When television news presenter Mauricio Gomez started receiving death threats in 1987, he traveled to and from work hidden in the trunk of a car.

Then, after he narrowly escaped two kidnapping attempts in January 1988, the prominent critic of Colombia's most powerful drug cartel left the country. Unfortunately, neither Atlanta nor Paris proved far enough away to stop the persecution - up until a year ago, Mr. Gomez continued to receive threats from his enemies.

"The very first one read 'Congratulations, you too will be eliminated,' " says Gomez, now retired from journalism who is currently on a little-advertised visit to Colombia.

Colombia has never been a safe place for journalists. During the war waged against the state in the late 1980s by slain Medelln cartel chief Pablo Escobar, newspapers were bombed and hundreds of journalists like Gomez were threatened, kidnapped, and killed.

Despite a drop in the number of recorded deaths, the press now has more enemies than ever. According to the Foundation for the Freedom of the Press, a national organization that defends the rights of journalists, 42 journalists have been killed in the past 10 years, compared with 85 in the five years before that.
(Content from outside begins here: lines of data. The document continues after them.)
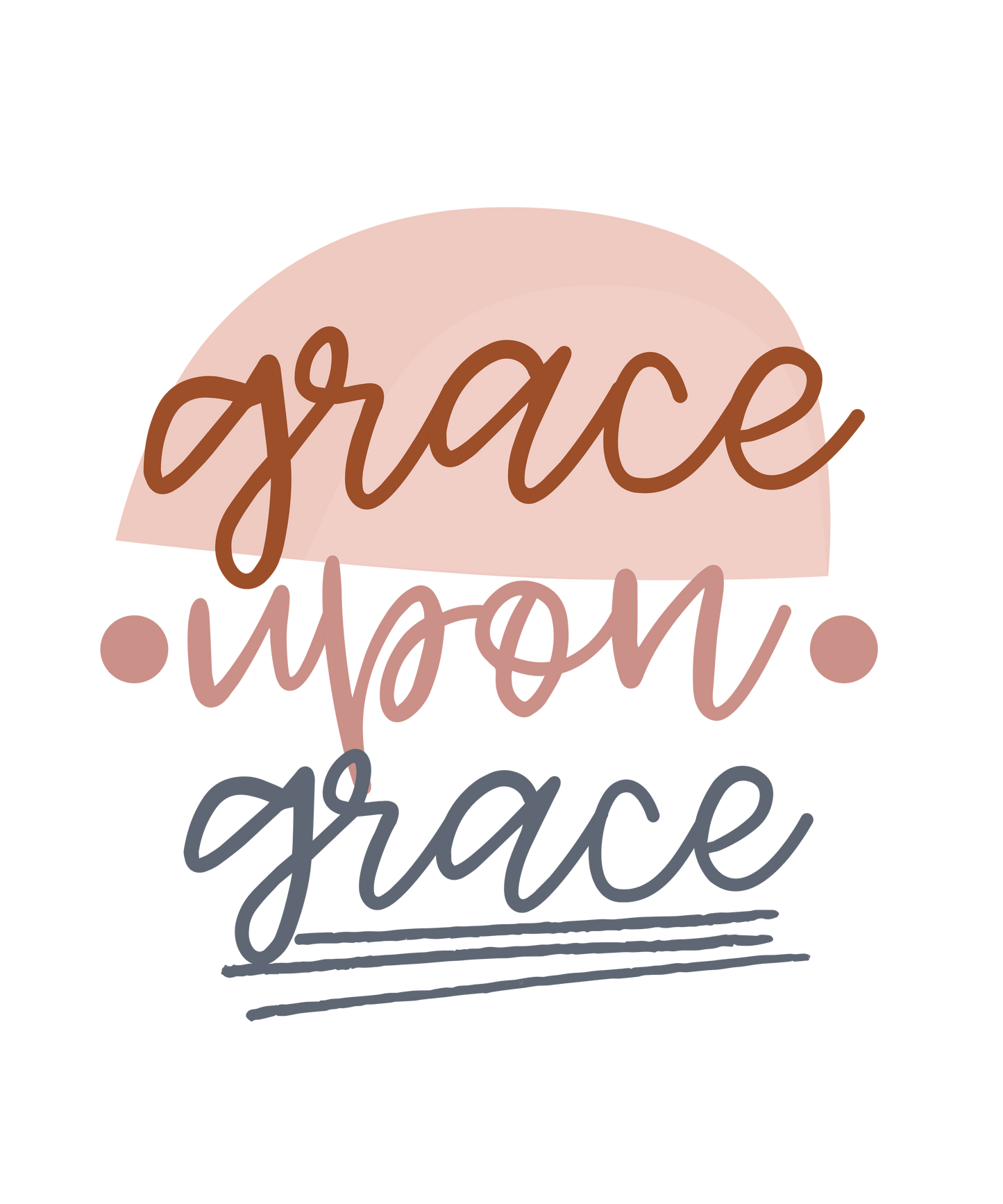 Grace Upon Grace Clear, Vinyl Sticker, 3x3 in.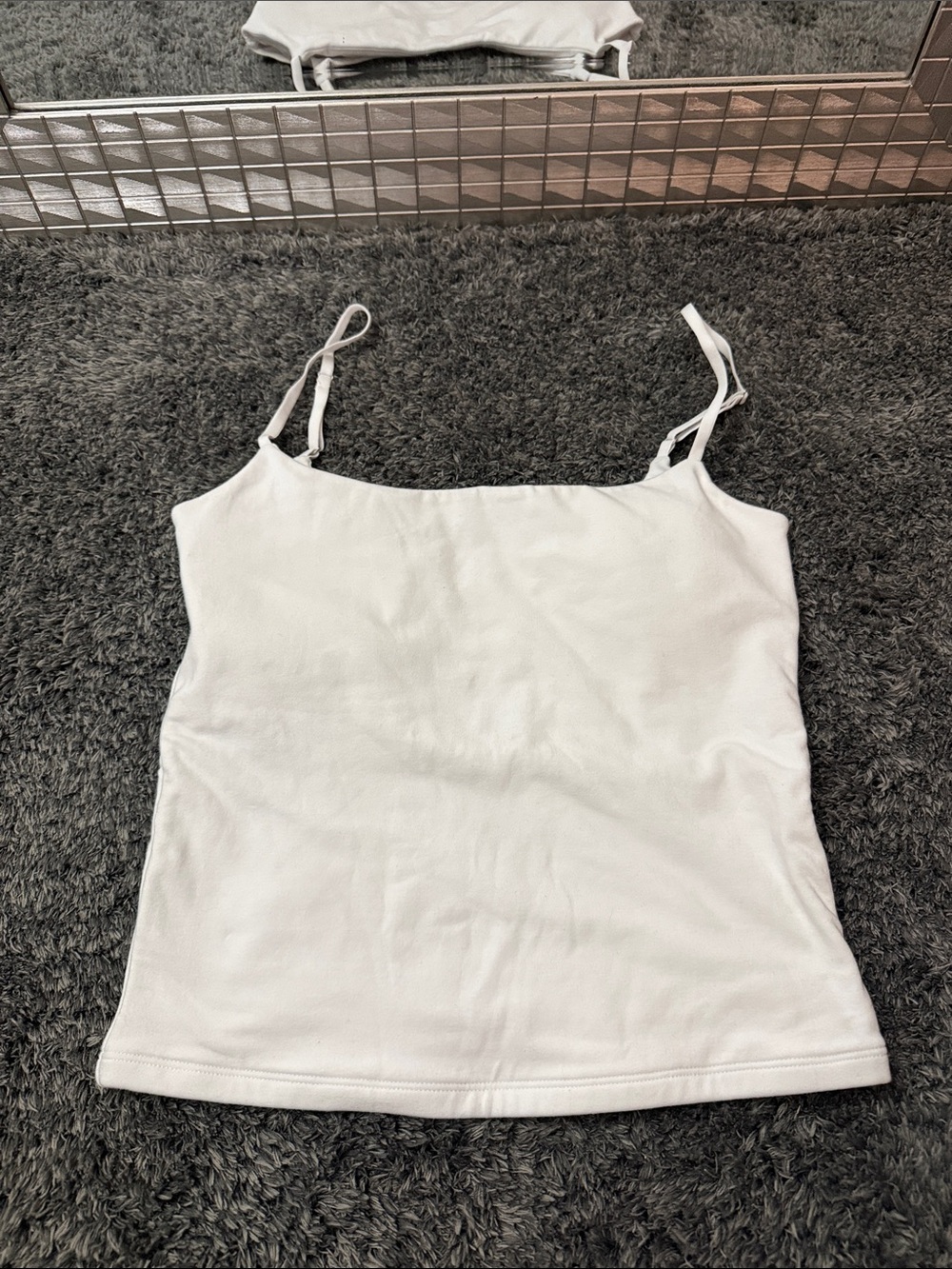 Abercrombie & Fitch White Adjustable Strap Camisole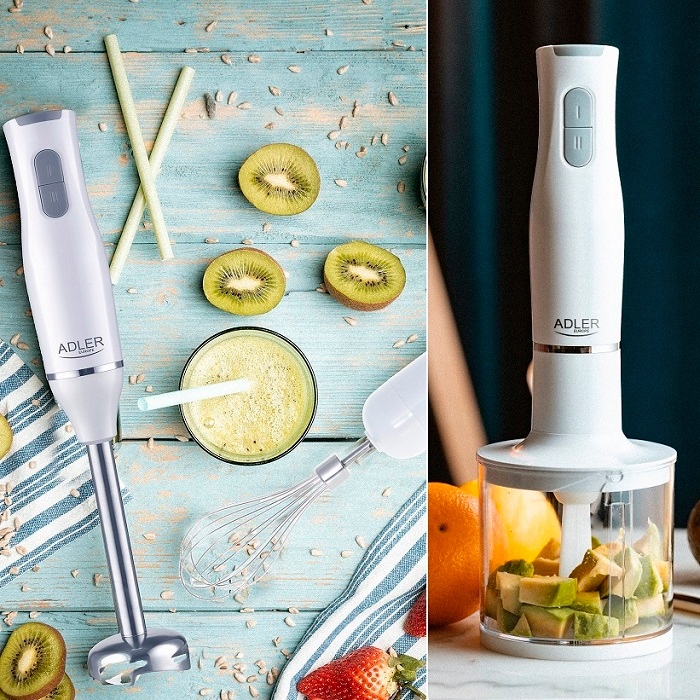 BLENDER RĘCZNY 3W1 KUBEK DO KOKTAJLI 800W AD4620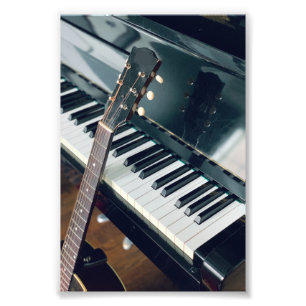 Pretty Piano Design Photo Print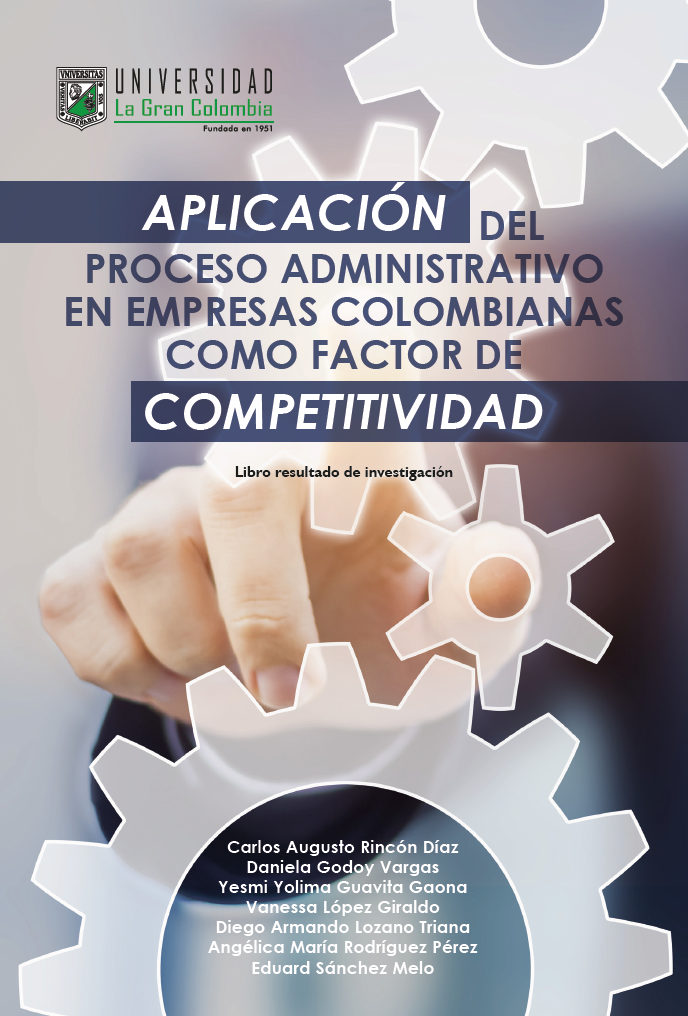 Aplicación del proceso administrativo en empresas colombianas como factor  de competitividad - 11396/3169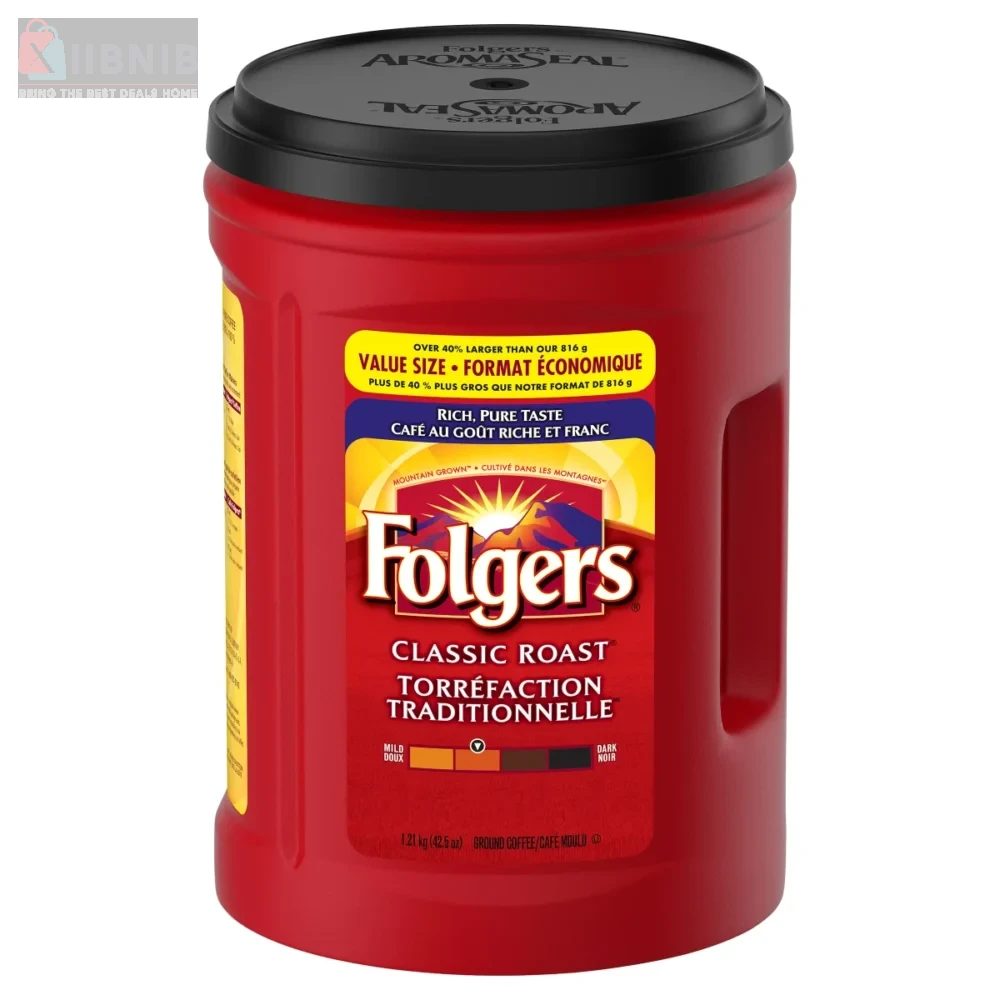 Folger  Cla ic Roa t Ground Coffee, 1.21 kg – Ground Coffee & Whole Bean | XIIBNIB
But this is still 1 in 3 of those killed in Latin America.

"The situation now is worse. There may be less deaths ... but I don't think it's easy to be a journalist in Colombia," says Gomez.

"Journalists ... are caught between various fires": the military, leftist guerrillas, right-wing paramilitaries and drug traffickers says Javier Dario Restrepo, head of the foundation.

So far this year, there have been five cases of journalists being killed, one of them the most high-profile murder in a decade. Gerardo Bedoya, an anticartel columnist at Cali's El Pais, was gunned down in March as he walked to his car.

And violence in general, including violence against journalists, is expected to grow.

"The situation in Colombia will get worse because the war here is growing and we're approaching an election period," says Luis Caon, managing editor of Cali-based daily El Pais.

Meanwhile, the government provides little protection at best, active opposition at worst. Ignacio Gomez, head of the investigative reporting branch of national daily El Tiempo, notes that the government has limited powers to protect the press. "The Colombian government doesn't control large areas of the country," he says. "The government doesn't even control its own military."

And doubt has been cast over President Ernesto Samper's commitment to the freedom of the press following the approval of a new television law, which will give the government control over the allocation of air-time to news channels, depending upon the "objectivity" of their reporting.

"The government ... tries to silence certain information," says Mr. Restrepo.

But despite the dangers and persecution, there are enough journalists who value democracy and freedom of speech to continue to print the truth, says Mr. Caon. "It's not because I'm macho," he says, "but because I love my country. And it hurts to see how fragile it is sometimes."